Potential source of conflict

Where California could have a run-in with federal officials is in determining the 5 percent of schools that are lowest-performing and need a plan for corrective action. Compiling that list could require a way to rank schools – something like the Academic Performance Index, the three-digit number calculated from weighted factors like graduation rates and test scores. The state board suspended the API two years ago and Kirst and other board members have made it clear they don’t want to re-establish it. They favor a collection of performance data, not a single ranking. Theirs would be a data dashboard with a mix of school or district metrics, some highlighting performance and others pointing to underlying conditions, such as suspension rates, that could signal trouble.

“That’s the rub; they don’t want to do another API,” Plank said.

The state board’s challenge will be to marry the federal requirement for a state-produced list of schools with a more decentralized school improvement system that features a different approach to measuring performance.

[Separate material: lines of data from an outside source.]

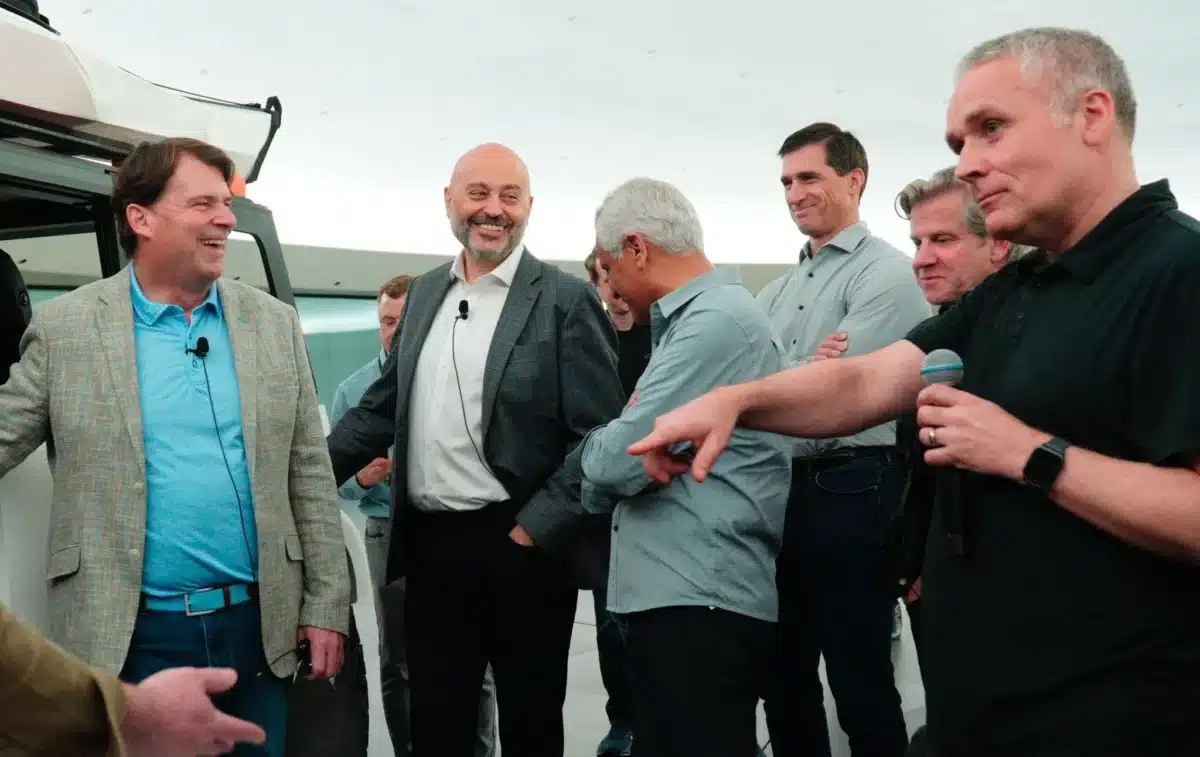Ford показа новия си електрически пикап в няколко кадъра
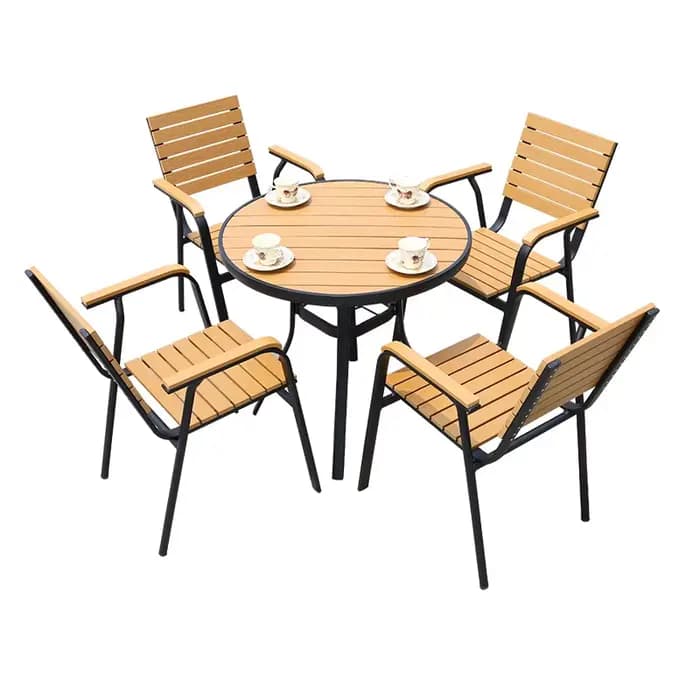 Table et chaise d'extérieur en plastique et bois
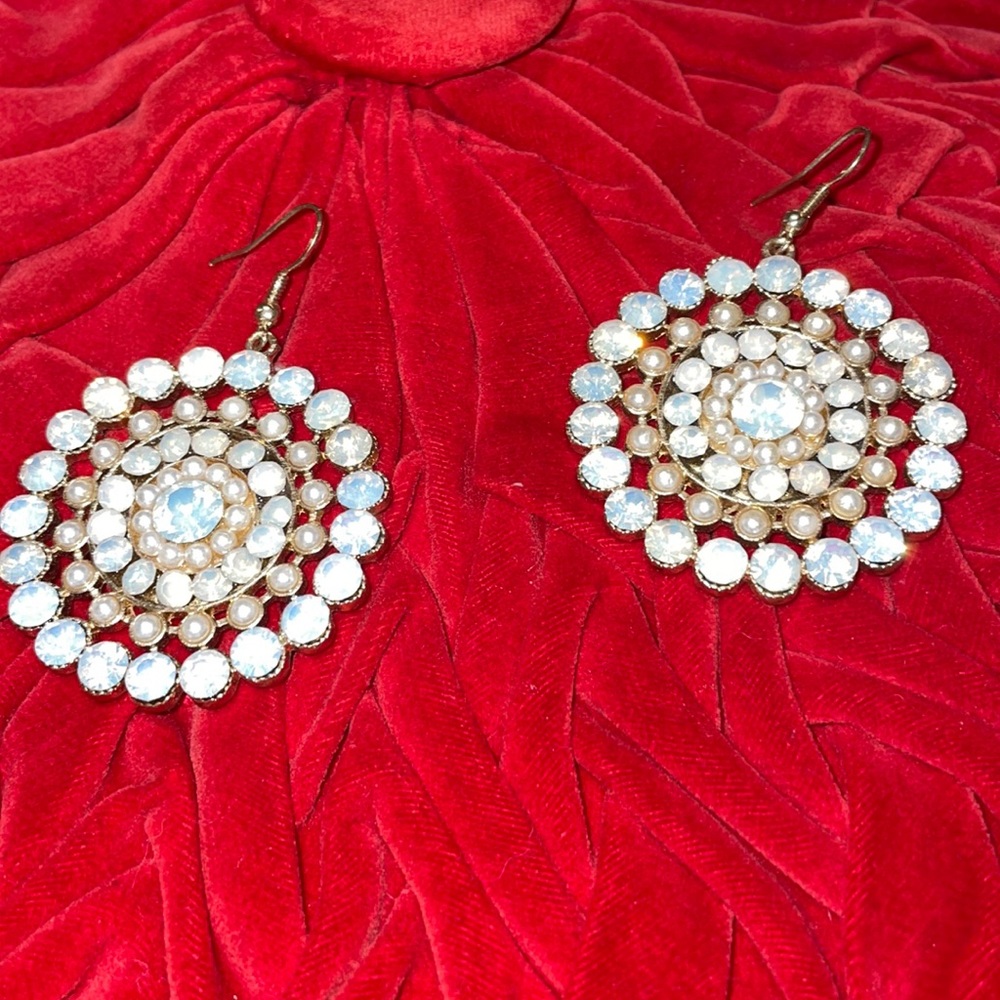Glitzy earrings great for the holidays!!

“The language of the bill suggests multiple measures of school quality will need to be combined into a single summary measure to identify the lowest performing schools,” said Rob Manwaring, an authority on school finance and accountability who is working with the nonprofit advocacy organization Children Now.  Also, “the Legislature may need to pass legislation aligning the Local Control Funding Formula with the new world of Every Student Succeeds Act.”

Until the state board chooses how to proceed and the federal government signs off on the state’s new system, California will be stuck with NCLB’s accountability requirements – so the board will feel pressure to move ahead.

The state board hasn’t made a final decision about abolishing the API, and the Legislature will have final say. Passage of the Every Student Succeeds Act will strengthen the arguments of the state PTA and children’s advocacy groups, which prefer a simple index comparing schools’ performance.

Civil rights groups, with some reluctance, are backing the Every Student Succeeds Act. John Affeldt, managing attorney for Public Advocates, a nonprofit law firm and advocacy organization, expressed the ambivalence. “It’s not a good thing in general to give states this much authority; the bill marks a significant abdication of the federal role in education, relying on good-faith efforts of the states. But California is headed in the right direction with the still unanswered question of whether in the end it will get it right.”